What needs to be done :: Each line in the material below, starting at the one that contains "ARMORDILLO® 2005-2011 Toyota" and ending at the one that contains "CLYMER ATV SERVICE", should be repeated exactly; the pictures should not.
Dataset excerpts: Begin
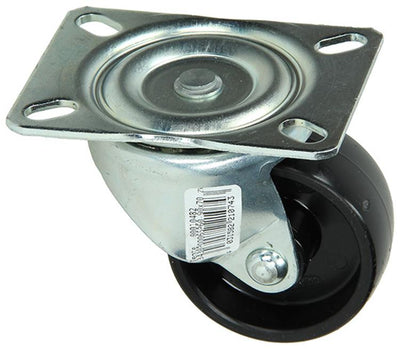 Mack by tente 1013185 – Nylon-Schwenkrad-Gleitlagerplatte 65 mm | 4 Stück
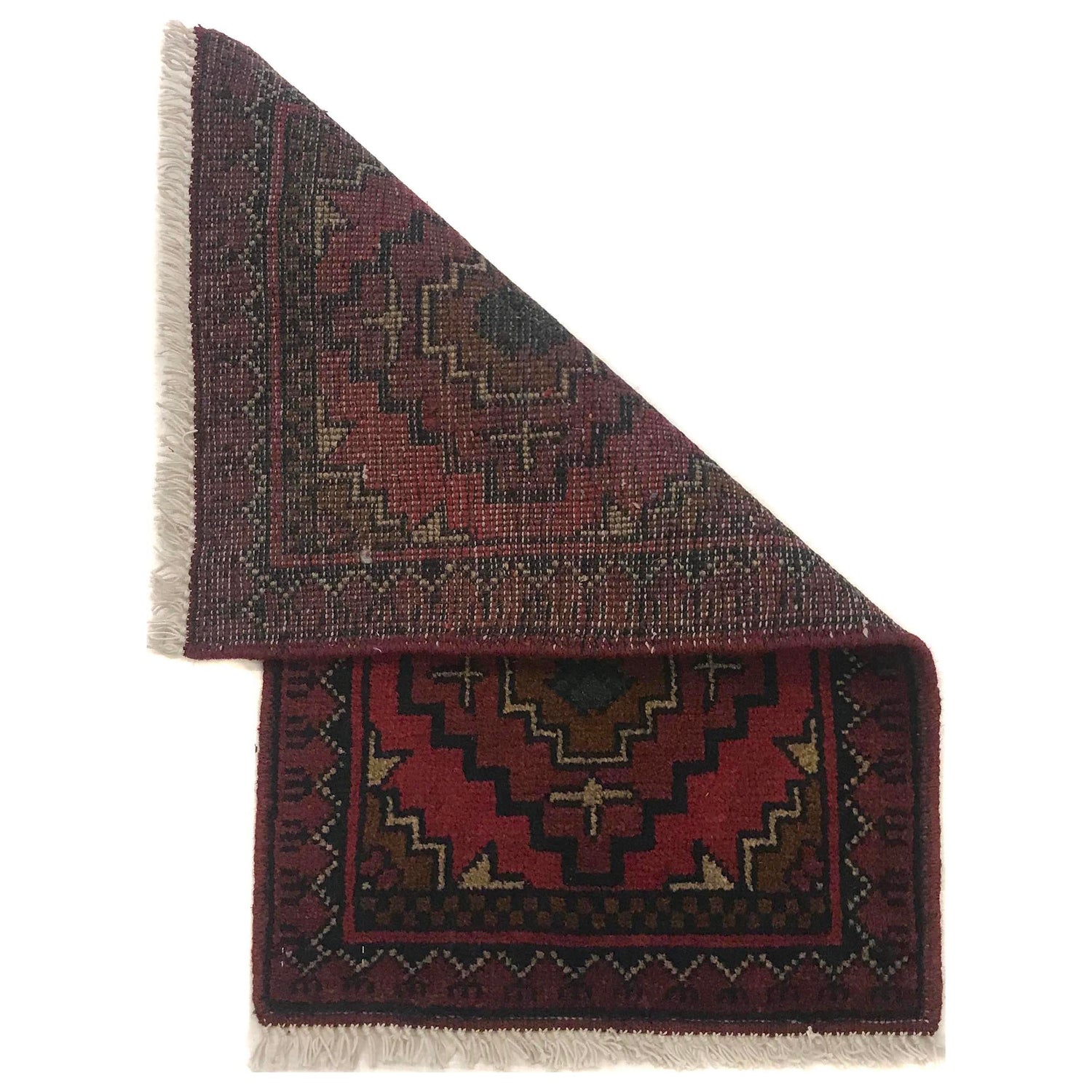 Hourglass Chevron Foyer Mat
Dataset excerpts: End
Dataset excerpts: Begin
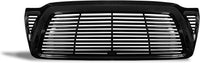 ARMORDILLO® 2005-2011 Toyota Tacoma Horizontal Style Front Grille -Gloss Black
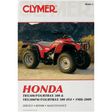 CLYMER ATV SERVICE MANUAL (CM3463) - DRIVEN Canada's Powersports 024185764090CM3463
Dataset excerpts: End
Written response ::
 ARMORDILLO® 2005-2011 Toyota Tacoma Horizontal Style Front Grille -Gloss Black
 CLYMER ATV SERVICE MANUAL (CM3463) - DRIVEN Canada's Powersports 024185764090CM3463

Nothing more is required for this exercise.